Définition
Déclaration judiciaire ou administrative selon laquelle un mariage est nul ou annulable ab initio (dès l’origine), considérant l’union comme dépourvue d’un ou plusieurs éléments juridiques essentiels à sa validité, plutôt que de dissoudre un mariage valable comme le fait le divorce.

Principe

Principe
L’annulation repose sur la démonstration qu’au moment du mariage existait un ou plusieurs vices fondamentaux — bigamie, incapacité, fraude, contrainte, parenté prohibée, ou non‑respect des formalités — de sorte que le mariage est nul ou peut être déclaré annulable selon le droit applicable.

Démonstration

Démonstration
Un tribunal prononce l’annulation après avoir constaté que l’un des époux a dissimulé un mariage préexistant (bigamie) ou qu’une partie était dépourvue de capacité mentale au consentement ; le mariage est alors déclaré nul ou annulable ab initio, rétablissant les parties dans l’état de célibat rétroactivement ou prospectivement suivant la loi.

Mauvaise application

Mauvaise application
Qualifier à tort un mariage difficile mais valide de nul sans prouver le vice requis (par exemple alléguer la fraude en raison d’une incompatibilité de caractère) gaspille des ressources et affaiblit les demandes légitimes, pouvant entraîner des décisions erronées sur le patrimoine ou la filiation.

Conséquence

Conséquence
Lorsqu’une annulation est prononcée, les conséquences juridiques diffèrent du divorce : le mariage est traité comme dépourvu de validité, ce qui peut affecter l’éligibilité à la pension, le partage des biens et le statut légal des enfants — les juridictions varient quant aux réparations applicables après annulation.

Inversion

Inversion
L’inverse de l’annulation est la reconnaissance d’un mariage valide ou la ratification : les parties peuvent corriger certains vices par des actes ultérieurs (par exemple ratification après disparition de l’incapacité) ou la loi peut considérer certains mariages annulables comme valides si les vices sont réputés cédés, mettant fin aux demandes d’annulation.

Limite

Limite
L’annulation vise les vices de formation et se limite aux causes reconnues par la loi ou le droit commun ; elle ne s’applique pas aux ruptures postérieures telles que des différences irréconciliables, qui relèvent du divorce, ni aux partenariats non matrimoniaux sauf disposition légale expresse.

Tension sémantique

Tension sémantique
L’annulation se distingue du divorce : l’annulation nie l’existence ou la validité du mariage dès l’origine, tandis que le divorce reconnaît un mariage valable et y met fin.
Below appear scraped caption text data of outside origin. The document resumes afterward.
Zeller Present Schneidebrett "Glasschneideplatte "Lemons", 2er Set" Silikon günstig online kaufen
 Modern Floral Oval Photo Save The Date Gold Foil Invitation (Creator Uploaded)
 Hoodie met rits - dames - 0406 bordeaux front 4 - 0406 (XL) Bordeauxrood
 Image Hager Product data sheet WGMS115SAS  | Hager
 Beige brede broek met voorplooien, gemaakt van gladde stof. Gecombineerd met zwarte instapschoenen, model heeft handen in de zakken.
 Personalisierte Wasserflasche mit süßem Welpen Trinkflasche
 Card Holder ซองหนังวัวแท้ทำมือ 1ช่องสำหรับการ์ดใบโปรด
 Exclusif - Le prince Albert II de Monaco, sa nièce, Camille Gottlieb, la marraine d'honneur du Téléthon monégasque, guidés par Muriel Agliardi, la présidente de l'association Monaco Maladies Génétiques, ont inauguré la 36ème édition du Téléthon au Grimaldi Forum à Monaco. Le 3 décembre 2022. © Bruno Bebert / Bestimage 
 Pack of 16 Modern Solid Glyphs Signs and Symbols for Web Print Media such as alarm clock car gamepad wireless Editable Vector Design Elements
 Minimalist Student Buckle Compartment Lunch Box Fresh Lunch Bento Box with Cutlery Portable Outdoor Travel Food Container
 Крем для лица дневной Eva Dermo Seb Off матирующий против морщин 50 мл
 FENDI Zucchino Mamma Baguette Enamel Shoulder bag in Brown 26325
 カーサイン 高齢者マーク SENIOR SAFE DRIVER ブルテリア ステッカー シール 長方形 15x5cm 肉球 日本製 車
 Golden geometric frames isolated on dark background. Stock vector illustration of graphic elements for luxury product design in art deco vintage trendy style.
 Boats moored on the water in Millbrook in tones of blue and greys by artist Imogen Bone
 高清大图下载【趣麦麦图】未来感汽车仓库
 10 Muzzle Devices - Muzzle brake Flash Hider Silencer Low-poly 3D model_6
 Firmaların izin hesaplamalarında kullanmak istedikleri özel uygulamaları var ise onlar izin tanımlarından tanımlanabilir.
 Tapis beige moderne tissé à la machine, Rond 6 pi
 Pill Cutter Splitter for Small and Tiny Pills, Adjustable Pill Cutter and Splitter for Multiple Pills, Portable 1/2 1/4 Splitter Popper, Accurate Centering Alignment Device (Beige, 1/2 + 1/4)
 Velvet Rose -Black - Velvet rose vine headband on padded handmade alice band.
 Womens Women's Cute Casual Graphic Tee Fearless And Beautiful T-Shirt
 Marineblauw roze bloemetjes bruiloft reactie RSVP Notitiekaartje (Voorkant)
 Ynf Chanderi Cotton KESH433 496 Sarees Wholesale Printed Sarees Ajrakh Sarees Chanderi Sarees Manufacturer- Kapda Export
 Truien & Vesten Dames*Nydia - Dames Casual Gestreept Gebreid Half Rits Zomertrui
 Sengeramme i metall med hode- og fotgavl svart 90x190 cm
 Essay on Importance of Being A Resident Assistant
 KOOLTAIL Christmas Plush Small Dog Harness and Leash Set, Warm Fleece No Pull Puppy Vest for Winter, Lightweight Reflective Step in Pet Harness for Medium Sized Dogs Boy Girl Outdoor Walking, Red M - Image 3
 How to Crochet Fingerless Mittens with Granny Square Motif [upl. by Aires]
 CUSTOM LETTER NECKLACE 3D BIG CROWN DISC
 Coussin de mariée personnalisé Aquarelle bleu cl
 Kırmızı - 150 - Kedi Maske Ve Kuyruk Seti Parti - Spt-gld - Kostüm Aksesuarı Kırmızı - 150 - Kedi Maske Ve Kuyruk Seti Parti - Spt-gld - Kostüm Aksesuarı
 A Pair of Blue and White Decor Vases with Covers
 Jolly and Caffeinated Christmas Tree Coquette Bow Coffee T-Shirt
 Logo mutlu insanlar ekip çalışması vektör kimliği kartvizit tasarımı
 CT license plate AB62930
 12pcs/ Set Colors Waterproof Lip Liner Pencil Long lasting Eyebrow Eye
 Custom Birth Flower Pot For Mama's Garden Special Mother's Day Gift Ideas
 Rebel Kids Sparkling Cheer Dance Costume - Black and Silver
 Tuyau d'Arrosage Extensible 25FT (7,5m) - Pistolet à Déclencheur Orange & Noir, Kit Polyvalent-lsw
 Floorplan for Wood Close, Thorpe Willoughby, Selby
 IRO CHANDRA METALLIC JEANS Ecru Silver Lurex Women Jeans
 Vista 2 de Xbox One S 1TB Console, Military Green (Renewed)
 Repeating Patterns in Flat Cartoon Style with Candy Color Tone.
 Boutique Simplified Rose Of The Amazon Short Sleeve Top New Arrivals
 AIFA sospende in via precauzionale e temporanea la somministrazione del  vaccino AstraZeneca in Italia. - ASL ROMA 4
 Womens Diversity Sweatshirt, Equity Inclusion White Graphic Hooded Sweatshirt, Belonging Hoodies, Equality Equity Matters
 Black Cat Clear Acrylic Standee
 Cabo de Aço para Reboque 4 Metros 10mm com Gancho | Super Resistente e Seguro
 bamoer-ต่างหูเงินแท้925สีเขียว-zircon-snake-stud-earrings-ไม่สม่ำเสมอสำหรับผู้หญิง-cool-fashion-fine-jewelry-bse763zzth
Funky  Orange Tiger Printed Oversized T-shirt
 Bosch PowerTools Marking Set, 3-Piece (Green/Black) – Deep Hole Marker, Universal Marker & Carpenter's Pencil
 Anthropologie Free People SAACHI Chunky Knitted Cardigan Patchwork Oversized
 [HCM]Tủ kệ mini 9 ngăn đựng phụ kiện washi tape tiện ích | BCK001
La tension survient lorsque les réparations — patrimoine, pension, filiation — se chevauchent mais reposent sur des logiques et conséquences différentes.

Synthèse

Synthèse
L’annulation est le mécanisme juridique qui déclare qu’un mariage a manqué d’éléments essentiels de validité dès sa formation, exigeant la preuve de vices reconnus ; ses effets et recours diffèrent fondamentalement du divorce et dépendent des choix législatifs relatifs à la rétroactivité et aux réparations applicables.